Speed Up That Build, now! – Part 2: Filesystem revisted

Notice: This blog is no longer maintained. All new content is being published as guides/books/screencasts. Have a look around!

Speed Up That Build, now! – Part 2: Filesystem revisted

June 12, 2014 - Andreas Eisele

Last time in our "Speed Up That Build, now!" propaganda series we tried to show a specific approach using a ram disk to speed up a given build. This time we try to generalize our ideas to give you some additional options on the file system choice. As an added bonus we even try to do proper benchmarking this time. ;)

Benchmarking Approach

To give you some reproduce-able figures we will be using the tool fio. All tests will be executed on a VirtualBox VM. The reason for this is that usually your build server will as well be a VM on some arbitrary host hardware that you don't have any control over. If that's not the case for you please consider skipping the nasty file system details and go straight to our first advice here.

The host hardware in question here is that:

Intel(R) Core(TM)2 Quad CPU Q9300 @ 2.50GHz (4 Cores/Threads)
8GB Generic DDR-2 RAM

The VM (Ubuntu Server 14.04 LTS, Linux Kernel 3.13.0-27-generic) is configured to see that hardware instead:

Intel(R) Core(TM)2 Quad CPU Q9300 @ 2.50GHz (1 Core/Thread)
4GB RAM
SATA controller: Intel Corporation 82801HM/HEM (ICH8M/ICH8M-E) SATA Controller [AHCI mode] (rev 02)
10GB HDD space on a pre-created disk image (non-dynamic)

We are aware that combined with disk caching, kernel caching, etc. this adds a lot more moving layers of uncertainty.
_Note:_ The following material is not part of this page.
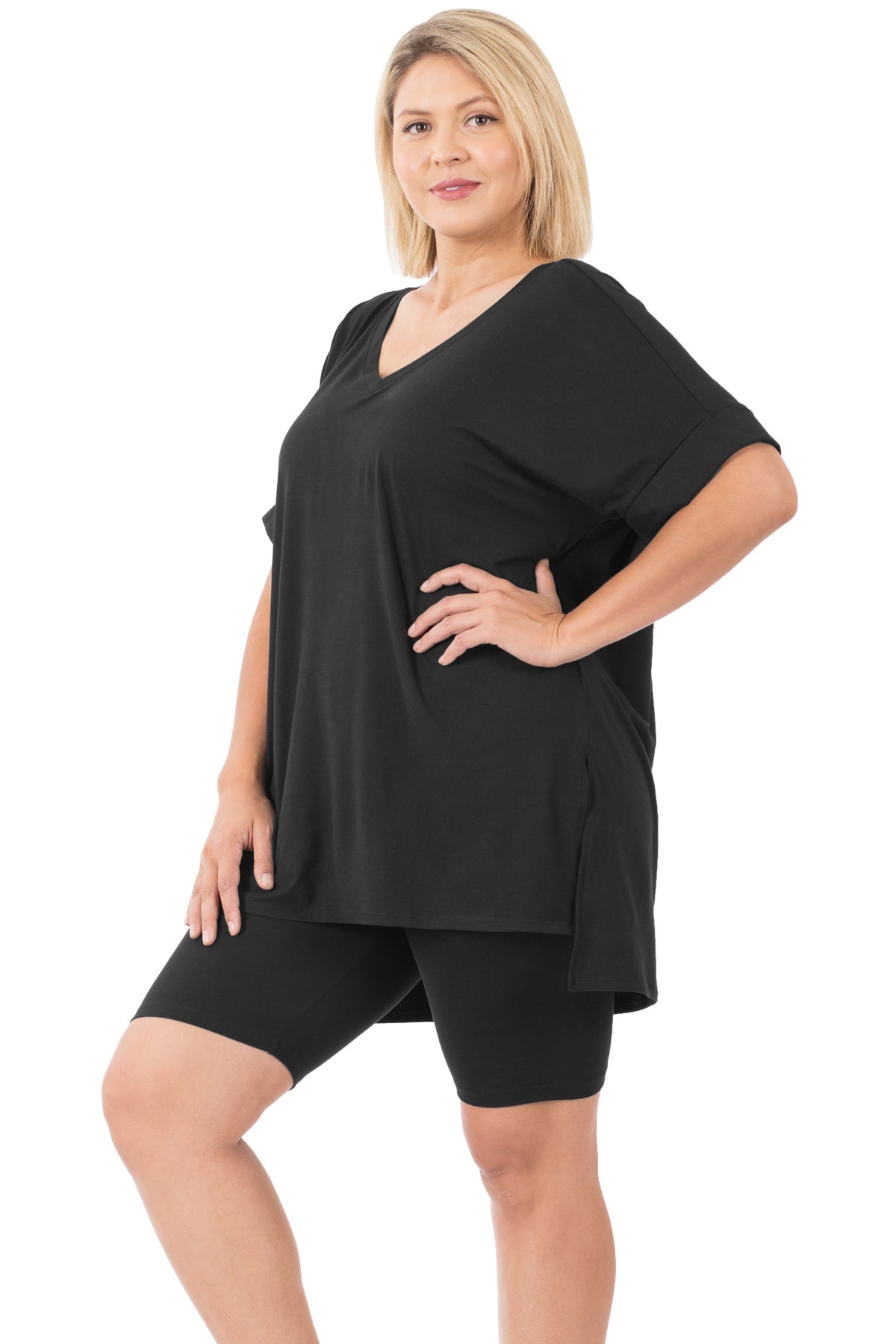 Woman wearing plus size black V-neck top and biker shorts set with hi-low hem, showcasing buttery soft microfiber fabric.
Sadly that is also the picture you will find as well in the real world. No matter of scientific approach will save you from that.

Our test scenario for FIO consists of random asynchronous reads and writes of 64MB files by 4 concurrent threads. We also try to use direct IO to use as few buffering layers as possible. The job file in question for that looks like this:

; -- start job file --<br />
[random-read-write]<br />
ioengine=libaio<br />
iodepth=4<br />
rw=randrw<br />
size=64m<br />
direct=1<br />
numjobs=4<br />
; -- end job file --<br />

Have a look here for a detailed explanation about the various options.

Starting Point: ext4 default

To get some first numbers we took what our clean install of Ubuntu Server 14.04 provided us as a default. That is ext4 as of Kernel 3.13.0 with no explicit mount options.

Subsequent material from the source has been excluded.